About this task:
In the material below, the lines between the one holding "Jogger para Hombre" and the one holding "8-279 Sandowne Drive, Waterloo, ON", inclusive, are to be set down word for word. Pictures stay out.

Data in this exercise:
***

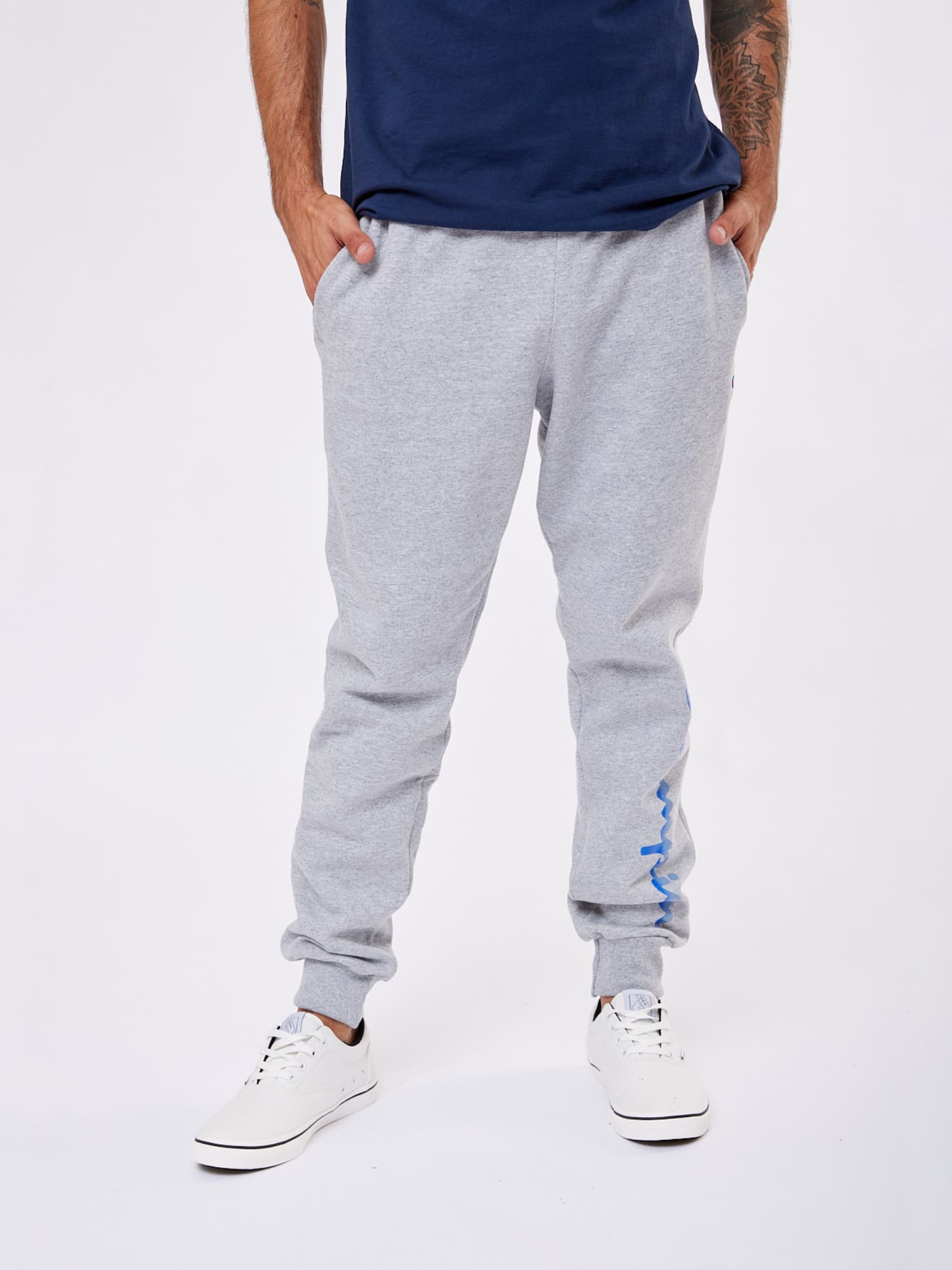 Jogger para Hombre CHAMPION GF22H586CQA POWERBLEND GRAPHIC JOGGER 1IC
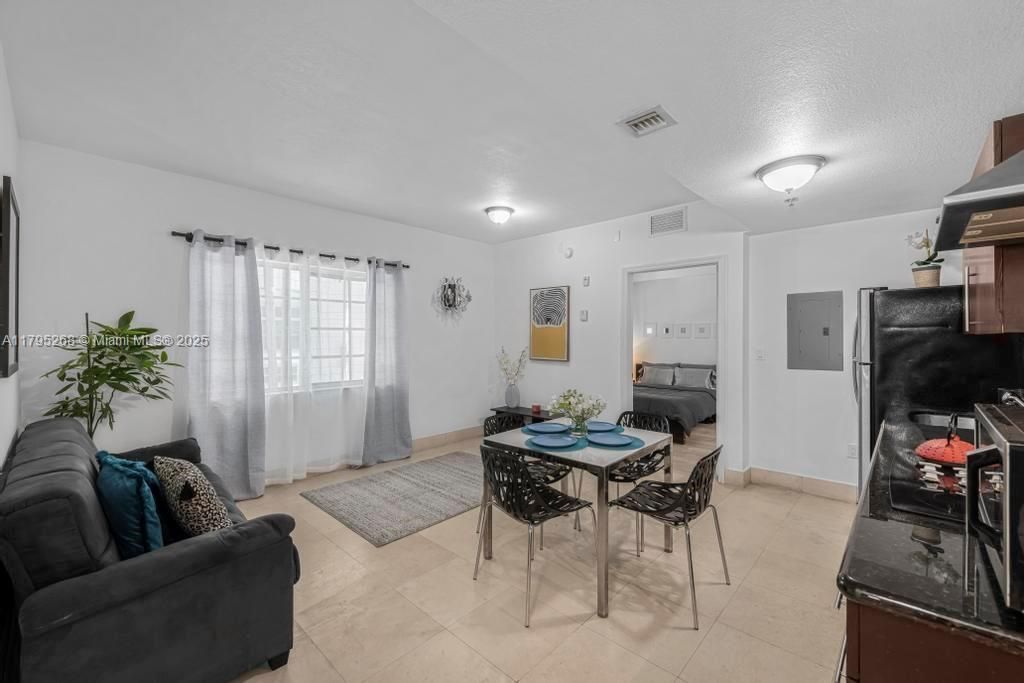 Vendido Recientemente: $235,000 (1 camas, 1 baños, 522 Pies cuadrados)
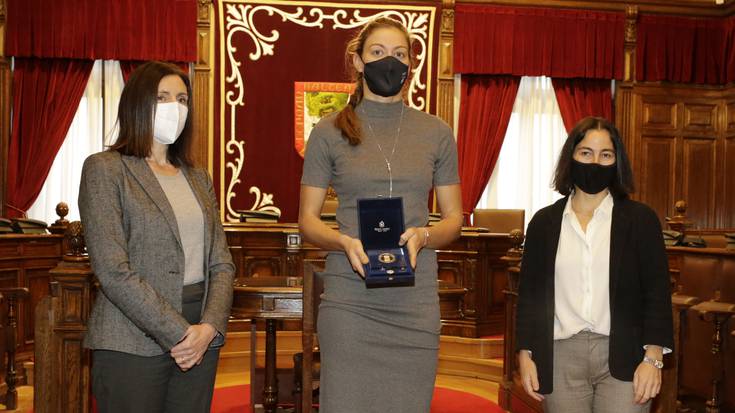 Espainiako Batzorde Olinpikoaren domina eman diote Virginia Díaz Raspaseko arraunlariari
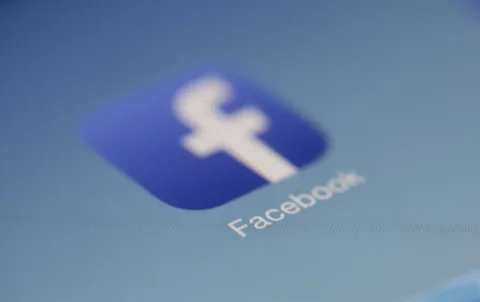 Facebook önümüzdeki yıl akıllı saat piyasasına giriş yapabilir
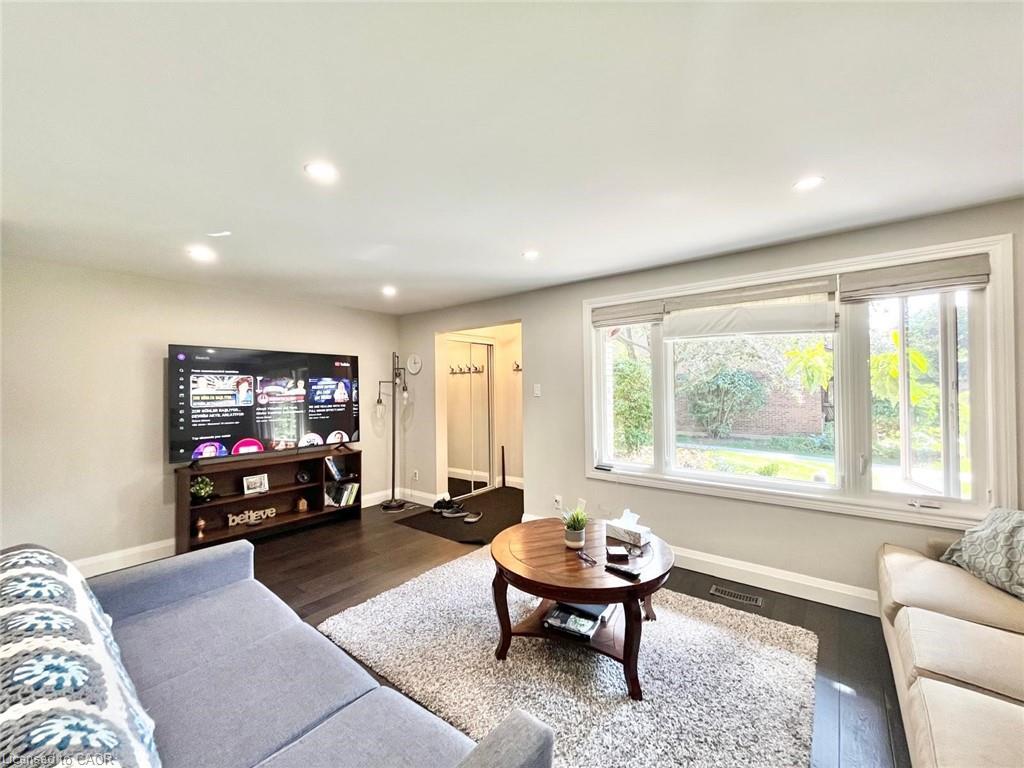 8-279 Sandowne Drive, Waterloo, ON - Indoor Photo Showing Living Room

***

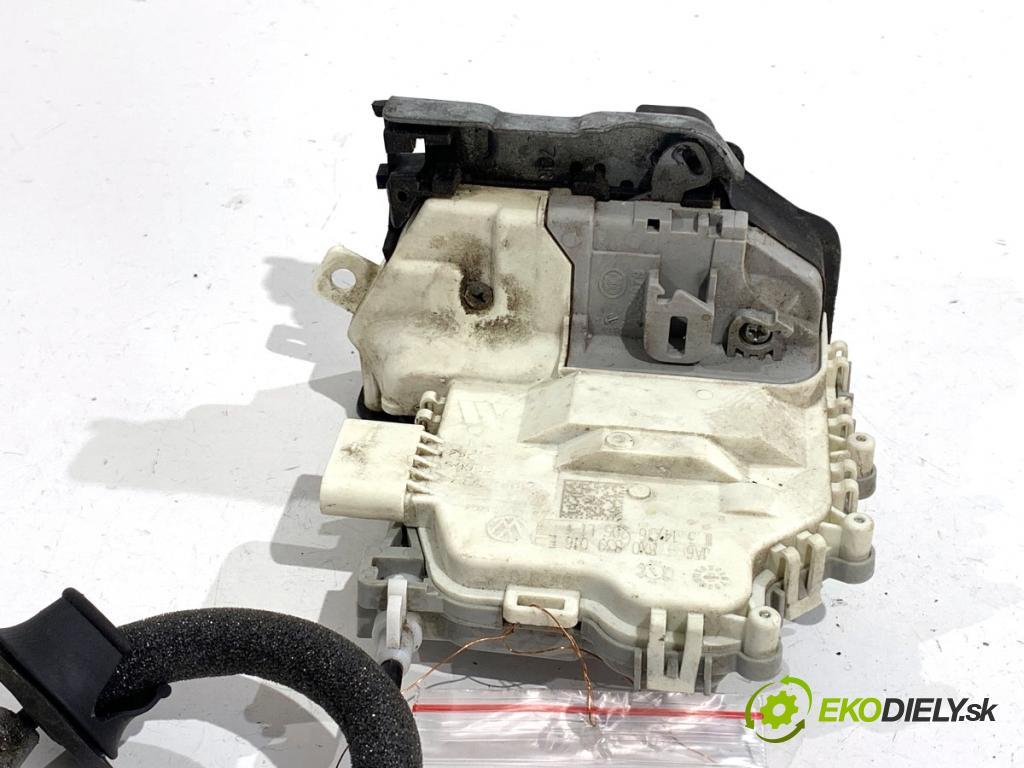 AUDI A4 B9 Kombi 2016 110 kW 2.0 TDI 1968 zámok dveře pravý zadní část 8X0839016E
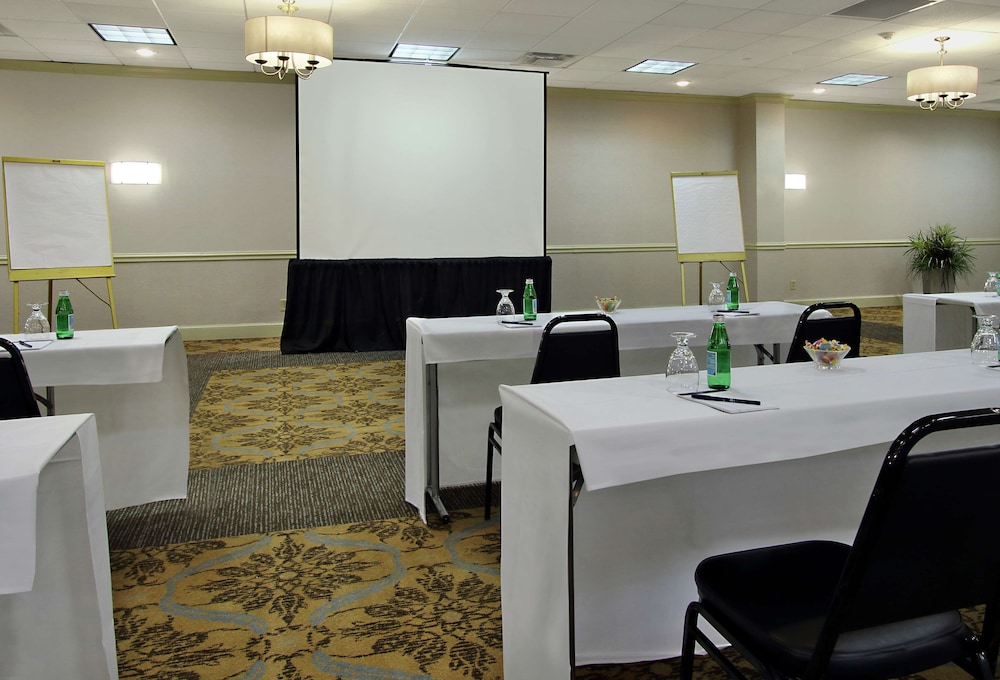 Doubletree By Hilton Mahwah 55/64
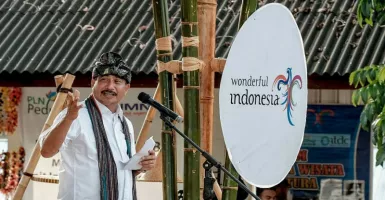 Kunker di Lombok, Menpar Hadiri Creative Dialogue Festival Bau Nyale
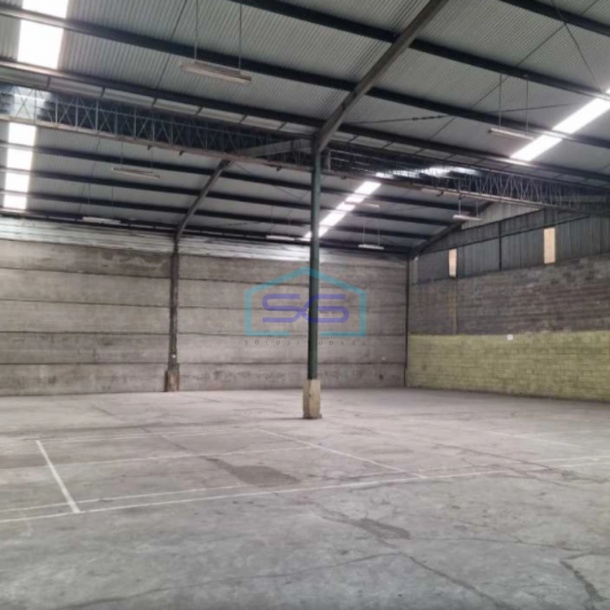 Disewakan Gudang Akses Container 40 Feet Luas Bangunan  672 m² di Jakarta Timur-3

***

Result of the exercise:
 Jogger para Hombre CHAMPION GF22H586CQA POWERBLEND GRAPHIC JOGGER 1IC
 Vendido Recientemente: $235,000 (1 camas, 1 baños, 522 Pies cuadrados)
 Espainiako Batzorde Olinpikoaren domina eman diote Virginia Díaz Raspaseko arraunlariari
 Facebook önümüzdeki yıl akıllı saat piyasasına giriş yapabilir
 8-279 Sandowne Drive, Waterloo, ON - Indoor Photo Showing Living Room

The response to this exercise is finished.